Hi,Benchao,
        Welcome to join the discussion, yes, this new syntax can make SQL more 
clear and simpler.
        For your first question, the `window_start` and `window_end` columns 
will be added automatically,
        so we don't need to use auxiliary group functions to infer or access 
the window properties.
        
        For the `grouping sets` on TVFs, I think it's interesting if we can 
support it, as we already supported `grouping sets`
        on streaming aggregates in blink planner. But I'm not sure if it will 
be included into this FLIP.

        cc @Jark Wu

Best,
Pengcheng
        

在 2020/10/9 下午5:25,“Benchao Li”<libenc...@apache.org> 写入:

    Thanks Jark for bringing this discussion, I like this FLIP very much.

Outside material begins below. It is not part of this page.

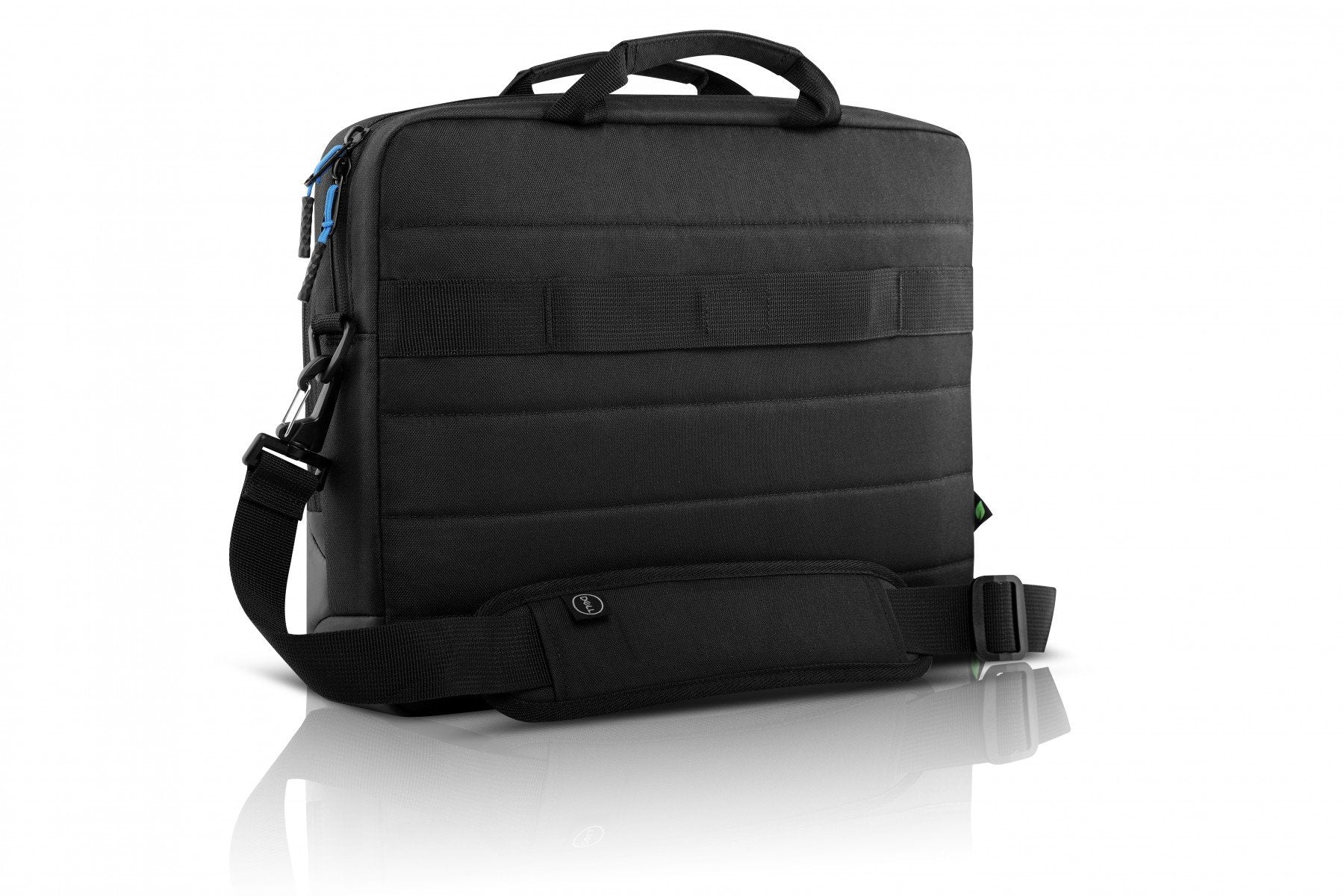 "DELL PO1520CS sacoche d'ordinateurs portables 38,1 cm (15"") Malette Noir (460-BCMK)"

    Especially the cumulate window, it's much like the current TUMBLE window +
    Fast Emit (which is an undocumented experimental feature), however, it's
    more powerful.

    And This will make the SQL semantic more standard, especially for the
    HOPPING window.

    Regarding time attribute,
    It seems that we don't need a specific function to infer the time attribute
    like
    `TUMBLE_ROWTIME` / `TUMBLE_PROCTIME`. Then are `window_start` and
    `window_end`
    column a time attribute column automatically?
    - If not, what will be the time attribute of the result relation of these
    TVFs?
      Especially after the window aggregation.
    - If yes, then how do we handle proctime?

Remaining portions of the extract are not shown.